Итак, однажды я был в городе и мне понадобилось обязательно связаться с Сюзанной, чтобы предложить ей поужинать в ресторане в компании двух моих клиентов — мистера и миссис Петерсон, которые были старыми друзьями ее родителей и случайно зашли в этот день ко мне на работу. Я позвонил домой и оставил два сообщения на автоответчике, затем, не получив ответа, перезвонил в сторожевой домик и попал на Этель. Она доложила мне, что миссис Саттер с самого утра верхом на Занзибар отправилась в «Альгамбру» и с тех пор не возвращалась. Насколько ей известно. Что бы вы стали делать, если бы жена сторожа сообщила, что ваша супруга находится в соседнем поместье? Возможно, вы послали бы за ней слугу, что и предложила мне Этель, то есть она была готова послать к соседям Джорджа. Она также посоветовала перезвонить прямо в «Альгамбру». Я сказал, что не стоит беспокоиться, ничего важного нет. Хотя как тогда понимать мой звонок в сторожевой домик? Я еще раз попытался связаться с Сюзанной и оставил еще одно сообщение на автоответчике, указав время и название ресторана, в котором мы собирались ужинать.
Дело в том, что у меня до сих пор не было телефона Белларозы. Сюзанна призналась, что у нее тоже его нет. Будучи в «Альгамбре», я заметил, и Сюзанна это подтвердила, что ни один из аппаратов не имел таблички с номером. Это были, конечно, меры безопасности: таким образом вы избавлены от излишнего любопытства посторонних, собирающих телефоны знаменитостей.
Поздно вечером того же дня, возвратившись домой после ужина с Петерсонами (Сюзанна так и не объявилась), я сказал своей жене:
— Я весь день пытался найти тебя.
— Да, я прослушала твои сообщения, кроме того, Этель тоже говорила мне о твоем звонке.
Я никогда не спрашиваю: «Где ты была?», потому что за этим следует вопрос: «А где ты был?», а вслед за ним: «С кем ты была и что вы делали?» Расспрашивать вашу супругу о том, где она провела день или вечер, — это признак дурного тона. Вероятно, из-за таких вопросов Салли Энн и заработала свой первый синяк под глазом.

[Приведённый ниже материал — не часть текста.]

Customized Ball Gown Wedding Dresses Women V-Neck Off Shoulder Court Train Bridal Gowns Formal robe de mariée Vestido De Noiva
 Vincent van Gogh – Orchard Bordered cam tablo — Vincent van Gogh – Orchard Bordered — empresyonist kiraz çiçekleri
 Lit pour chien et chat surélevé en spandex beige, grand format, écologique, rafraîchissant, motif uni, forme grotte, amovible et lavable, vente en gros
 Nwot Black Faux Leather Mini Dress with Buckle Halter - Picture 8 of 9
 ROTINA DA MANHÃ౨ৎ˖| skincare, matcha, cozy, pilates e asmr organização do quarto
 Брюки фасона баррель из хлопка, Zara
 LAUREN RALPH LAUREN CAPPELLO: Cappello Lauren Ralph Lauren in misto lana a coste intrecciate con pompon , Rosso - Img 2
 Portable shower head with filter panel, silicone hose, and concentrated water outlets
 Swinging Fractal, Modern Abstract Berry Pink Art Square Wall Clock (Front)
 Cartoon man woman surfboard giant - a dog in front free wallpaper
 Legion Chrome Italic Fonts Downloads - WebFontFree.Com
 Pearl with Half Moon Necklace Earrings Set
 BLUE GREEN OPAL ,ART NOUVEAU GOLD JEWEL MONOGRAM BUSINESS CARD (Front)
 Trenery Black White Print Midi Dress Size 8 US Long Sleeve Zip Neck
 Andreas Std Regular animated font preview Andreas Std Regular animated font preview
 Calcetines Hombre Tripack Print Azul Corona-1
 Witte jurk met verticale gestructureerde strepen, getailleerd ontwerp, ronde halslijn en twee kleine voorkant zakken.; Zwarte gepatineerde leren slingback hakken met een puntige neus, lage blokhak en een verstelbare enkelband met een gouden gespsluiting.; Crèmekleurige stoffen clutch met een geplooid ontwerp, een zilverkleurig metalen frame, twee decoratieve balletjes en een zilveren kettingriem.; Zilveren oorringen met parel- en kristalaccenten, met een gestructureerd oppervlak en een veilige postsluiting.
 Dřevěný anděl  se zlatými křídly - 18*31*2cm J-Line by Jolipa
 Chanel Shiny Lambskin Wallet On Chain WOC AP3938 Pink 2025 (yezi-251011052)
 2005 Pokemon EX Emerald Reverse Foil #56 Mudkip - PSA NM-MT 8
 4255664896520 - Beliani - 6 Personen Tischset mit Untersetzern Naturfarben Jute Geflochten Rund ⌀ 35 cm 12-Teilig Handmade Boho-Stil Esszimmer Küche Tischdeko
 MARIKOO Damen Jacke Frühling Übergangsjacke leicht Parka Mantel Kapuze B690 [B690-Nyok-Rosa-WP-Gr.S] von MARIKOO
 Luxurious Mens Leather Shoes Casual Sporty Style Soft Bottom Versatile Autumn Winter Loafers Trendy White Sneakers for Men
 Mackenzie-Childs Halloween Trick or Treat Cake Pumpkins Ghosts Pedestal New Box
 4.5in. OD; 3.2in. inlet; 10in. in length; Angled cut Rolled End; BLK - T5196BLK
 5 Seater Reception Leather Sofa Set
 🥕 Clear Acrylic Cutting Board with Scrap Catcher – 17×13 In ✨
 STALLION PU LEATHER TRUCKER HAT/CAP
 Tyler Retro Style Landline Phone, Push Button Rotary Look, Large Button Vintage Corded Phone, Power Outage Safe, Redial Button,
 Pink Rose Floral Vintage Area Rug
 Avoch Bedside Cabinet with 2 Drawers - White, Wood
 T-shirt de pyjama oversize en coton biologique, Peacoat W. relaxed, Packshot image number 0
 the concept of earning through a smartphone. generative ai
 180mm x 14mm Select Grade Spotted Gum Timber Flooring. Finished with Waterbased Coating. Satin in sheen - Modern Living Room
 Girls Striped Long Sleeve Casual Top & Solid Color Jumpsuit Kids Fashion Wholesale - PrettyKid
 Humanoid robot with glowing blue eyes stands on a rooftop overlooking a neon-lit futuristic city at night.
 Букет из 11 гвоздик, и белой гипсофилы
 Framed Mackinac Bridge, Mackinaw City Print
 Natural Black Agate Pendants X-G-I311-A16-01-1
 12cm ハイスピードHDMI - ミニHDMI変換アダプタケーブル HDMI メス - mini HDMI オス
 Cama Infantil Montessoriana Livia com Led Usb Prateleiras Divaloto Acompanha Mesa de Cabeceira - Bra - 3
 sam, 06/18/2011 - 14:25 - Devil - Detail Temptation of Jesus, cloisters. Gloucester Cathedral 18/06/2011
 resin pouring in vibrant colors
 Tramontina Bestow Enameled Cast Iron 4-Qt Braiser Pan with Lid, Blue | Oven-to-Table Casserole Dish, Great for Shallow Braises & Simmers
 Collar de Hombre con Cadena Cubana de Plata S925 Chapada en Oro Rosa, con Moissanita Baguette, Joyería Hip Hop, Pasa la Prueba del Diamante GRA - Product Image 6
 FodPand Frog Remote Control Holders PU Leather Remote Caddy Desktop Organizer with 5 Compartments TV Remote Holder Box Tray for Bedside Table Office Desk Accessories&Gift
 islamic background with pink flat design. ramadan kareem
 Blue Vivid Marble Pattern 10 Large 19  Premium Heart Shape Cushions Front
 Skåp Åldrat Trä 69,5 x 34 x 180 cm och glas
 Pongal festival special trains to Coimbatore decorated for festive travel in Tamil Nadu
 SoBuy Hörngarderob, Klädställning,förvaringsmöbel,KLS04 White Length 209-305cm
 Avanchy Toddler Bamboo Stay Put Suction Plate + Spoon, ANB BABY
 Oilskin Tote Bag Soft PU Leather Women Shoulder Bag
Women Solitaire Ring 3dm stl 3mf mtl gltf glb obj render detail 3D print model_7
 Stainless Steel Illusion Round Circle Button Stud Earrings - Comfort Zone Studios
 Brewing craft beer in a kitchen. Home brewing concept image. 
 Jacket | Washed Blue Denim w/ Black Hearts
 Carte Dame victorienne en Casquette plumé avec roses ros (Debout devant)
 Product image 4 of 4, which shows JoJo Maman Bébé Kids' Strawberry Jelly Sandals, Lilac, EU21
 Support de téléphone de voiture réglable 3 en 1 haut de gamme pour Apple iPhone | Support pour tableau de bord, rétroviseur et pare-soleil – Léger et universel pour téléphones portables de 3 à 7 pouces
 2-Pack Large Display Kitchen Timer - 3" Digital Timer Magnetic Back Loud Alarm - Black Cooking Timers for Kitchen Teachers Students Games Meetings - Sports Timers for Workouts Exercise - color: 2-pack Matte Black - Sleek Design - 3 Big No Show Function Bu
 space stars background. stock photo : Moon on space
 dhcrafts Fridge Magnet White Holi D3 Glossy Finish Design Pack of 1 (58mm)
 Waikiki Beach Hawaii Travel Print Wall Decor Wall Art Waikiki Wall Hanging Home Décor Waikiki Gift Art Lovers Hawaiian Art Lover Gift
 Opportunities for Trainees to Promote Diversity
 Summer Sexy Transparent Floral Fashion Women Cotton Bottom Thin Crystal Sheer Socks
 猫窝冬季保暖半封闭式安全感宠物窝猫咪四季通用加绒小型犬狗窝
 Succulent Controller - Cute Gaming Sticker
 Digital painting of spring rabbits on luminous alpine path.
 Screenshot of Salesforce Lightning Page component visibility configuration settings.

Вместо этого я произнес:
— Было бы неплохо иметь возможность связываться с тобой, когда ты в «Альгамбре». Что для тебя удобнее — чтобы я посылал к тебе Джорджа или чтобы ты дала мне телефон Белларозы?
Она пожала плечами.
— Мне их телефон вроде ни к чему. Так что можешь присылать Джорджа.
Мне показалось, что Сюзанна не поняла моего намека.
— Джордж тоже не всегда бывает на месте, — пояснил я. — Возможно, ты все-таки узнаешь телефон Белларозы, Сюзанна. Я уверен, что в какой-то момент и у тебя возникнет какой-нибудь повод позвонить им.
— Не думаю. Я прихожу к ним и ухожу от них тогда, когда мне надо. Если же мне необходимо оставить для них какое-нибудь сообщение, я делаю это через Энтони, Винни или Ли.